The frequencies of the modes measured experimentally are affected by a Doppler shift due to plasma rotation. The Doppler shift depends linearly on the toroidal mode number and on the plasma rotation. Since the NBI was already turned off, there are no measurements of the plasma rotation at this time (t  =  11.055 s). However, since the main mechanism inducing plasma rotation in JET (and in other tokamaks as well) is the tangential injection of beam ions, this means the plasma rotation at t  =  11.055 s should be small. Without NBI, the plasma rotation in JET experiments is typically around 1 kHz in the core of the plasma. This is, for example, the frequency at which n  =  1 kink modes are commonly observed in experiments without NBI. Assuming the plasma is rotating with f_rot  =  1 kHz at the location of the modes, the shift in frequency of each mode due to the Doppler effect is then equal to its toroidal mode number (Δf  =  n · f_rot). Adding this frequency shift to the values of the mode frequencies calculated with MISHKA and presented in table 1, the frequencies obtained for the n  =  5 mode nearly coincide with the frequency of the antenna. The frequencies obtained for the n  =  4 and n  =  6 modes are also very close. For the n  =  3 mode, the discrepancy between the calculated and the antenna frequencies is larger, but the difference is still relatively small, below 8%. Based on this, the mode probed by the antenna and for which the damping was measured is more likely to be an n  =  4, n  =  5 or n  =  6, though the possibility of being an n  =  3 should not be excluded.

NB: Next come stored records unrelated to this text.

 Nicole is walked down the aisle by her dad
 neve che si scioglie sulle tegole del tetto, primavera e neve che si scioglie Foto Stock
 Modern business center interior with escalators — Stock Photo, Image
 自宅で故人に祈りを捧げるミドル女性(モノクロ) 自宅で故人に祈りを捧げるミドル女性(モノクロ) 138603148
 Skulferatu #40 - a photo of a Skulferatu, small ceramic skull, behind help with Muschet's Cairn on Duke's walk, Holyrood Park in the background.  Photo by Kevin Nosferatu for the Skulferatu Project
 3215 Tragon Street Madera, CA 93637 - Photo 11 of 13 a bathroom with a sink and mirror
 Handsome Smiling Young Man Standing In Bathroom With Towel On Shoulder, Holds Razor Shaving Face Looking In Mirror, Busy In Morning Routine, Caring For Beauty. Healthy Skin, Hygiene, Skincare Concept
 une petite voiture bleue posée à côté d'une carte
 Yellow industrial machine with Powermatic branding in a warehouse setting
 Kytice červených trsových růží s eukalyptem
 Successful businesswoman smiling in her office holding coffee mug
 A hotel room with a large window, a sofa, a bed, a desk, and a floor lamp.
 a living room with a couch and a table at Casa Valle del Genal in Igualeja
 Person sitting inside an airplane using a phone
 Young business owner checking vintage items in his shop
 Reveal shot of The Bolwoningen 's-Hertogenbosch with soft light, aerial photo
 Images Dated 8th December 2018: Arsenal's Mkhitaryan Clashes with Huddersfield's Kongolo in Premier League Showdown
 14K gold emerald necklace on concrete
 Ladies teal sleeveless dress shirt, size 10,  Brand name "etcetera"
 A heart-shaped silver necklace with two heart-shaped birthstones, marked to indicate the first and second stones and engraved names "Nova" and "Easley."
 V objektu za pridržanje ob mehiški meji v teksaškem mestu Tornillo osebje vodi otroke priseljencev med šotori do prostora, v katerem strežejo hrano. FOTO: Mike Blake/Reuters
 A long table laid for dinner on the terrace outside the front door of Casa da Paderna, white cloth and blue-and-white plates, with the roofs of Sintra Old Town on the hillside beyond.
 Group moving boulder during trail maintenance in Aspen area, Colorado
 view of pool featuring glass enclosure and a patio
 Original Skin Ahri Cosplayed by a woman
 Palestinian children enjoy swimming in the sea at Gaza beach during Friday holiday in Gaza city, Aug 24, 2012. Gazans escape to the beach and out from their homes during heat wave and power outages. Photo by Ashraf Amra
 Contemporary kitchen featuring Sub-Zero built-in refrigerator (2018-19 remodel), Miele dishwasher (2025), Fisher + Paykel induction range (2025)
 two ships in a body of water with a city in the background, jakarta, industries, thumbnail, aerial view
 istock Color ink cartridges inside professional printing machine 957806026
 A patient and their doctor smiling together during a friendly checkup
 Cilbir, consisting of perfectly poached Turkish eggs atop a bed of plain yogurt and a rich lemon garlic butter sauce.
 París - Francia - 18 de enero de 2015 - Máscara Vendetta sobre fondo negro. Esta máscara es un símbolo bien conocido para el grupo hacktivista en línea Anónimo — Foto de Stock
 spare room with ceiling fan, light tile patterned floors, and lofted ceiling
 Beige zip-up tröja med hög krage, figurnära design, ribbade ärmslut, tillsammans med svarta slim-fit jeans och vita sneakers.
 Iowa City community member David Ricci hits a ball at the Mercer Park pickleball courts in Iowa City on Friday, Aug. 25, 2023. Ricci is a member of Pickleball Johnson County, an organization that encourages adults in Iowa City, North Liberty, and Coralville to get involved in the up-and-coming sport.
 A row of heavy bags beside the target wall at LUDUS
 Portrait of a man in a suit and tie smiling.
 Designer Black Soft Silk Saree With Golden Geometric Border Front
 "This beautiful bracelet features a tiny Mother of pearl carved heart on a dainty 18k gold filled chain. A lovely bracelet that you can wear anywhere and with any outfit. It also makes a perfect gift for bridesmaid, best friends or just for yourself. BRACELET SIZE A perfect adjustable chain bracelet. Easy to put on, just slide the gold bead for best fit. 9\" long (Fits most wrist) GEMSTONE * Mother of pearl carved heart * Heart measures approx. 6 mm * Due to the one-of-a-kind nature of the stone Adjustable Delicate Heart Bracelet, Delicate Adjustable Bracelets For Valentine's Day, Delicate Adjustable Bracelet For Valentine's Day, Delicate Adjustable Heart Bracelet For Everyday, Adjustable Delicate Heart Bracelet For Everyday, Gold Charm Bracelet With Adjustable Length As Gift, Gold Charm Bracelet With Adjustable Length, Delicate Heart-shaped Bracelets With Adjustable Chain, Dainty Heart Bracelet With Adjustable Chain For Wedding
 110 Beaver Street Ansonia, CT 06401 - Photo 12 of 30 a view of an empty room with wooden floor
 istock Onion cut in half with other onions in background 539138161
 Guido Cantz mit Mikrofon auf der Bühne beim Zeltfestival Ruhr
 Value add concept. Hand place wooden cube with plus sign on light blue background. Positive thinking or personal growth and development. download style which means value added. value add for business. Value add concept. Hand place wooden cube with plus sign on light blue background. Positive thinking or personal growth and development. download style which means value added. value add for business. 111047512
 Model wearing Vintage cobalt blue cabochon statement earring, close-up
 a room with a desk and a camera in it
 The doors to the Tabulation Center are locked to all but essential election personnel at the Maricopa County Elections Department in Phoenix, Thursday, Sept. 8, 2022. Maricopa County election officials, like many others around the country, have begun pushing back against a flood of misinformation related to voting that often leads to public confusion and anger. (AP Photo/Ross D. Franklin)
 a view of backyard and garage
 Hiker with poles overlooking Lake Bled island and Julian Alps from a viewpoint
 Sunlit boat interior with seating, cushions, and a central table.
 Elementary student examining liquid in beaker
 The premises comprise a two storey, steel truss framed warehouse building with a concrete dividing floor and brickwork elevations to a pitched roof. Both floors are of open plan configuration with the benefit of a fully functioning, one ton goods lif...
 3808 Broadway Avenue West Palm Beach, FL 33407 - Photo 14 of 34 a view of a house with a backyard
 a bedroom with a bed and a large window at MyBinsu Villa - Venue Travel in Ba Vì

There are several damping mechanisms which may possibly affect the stability of the TAEs existing in the plasma, including the electron and ion Landau damping, the collisional damping, the continuum damping and the radiative damping. On the other hand, the only possible source of drive is provided by the population of energetic ions accelerated by ICRH. This population is responsible for the destabilization of several modes early on in the discharge up to around t  =  10.2 s, but the drive provided by the ICRH accelerated ion population has decreased since then. As it will be shown, at the time at which the antenna measurement was performed, t  =  11.055 s, the ICRH accelerated ion population is not driving the modes calculated in section 4 but it is actually damping them. Thus, all the considered modes are necessarily stable at this time as there are no driving sources. Since antenna measurements can only be performed on stable (damped) modes, these conditions are ideal for performing the measurements.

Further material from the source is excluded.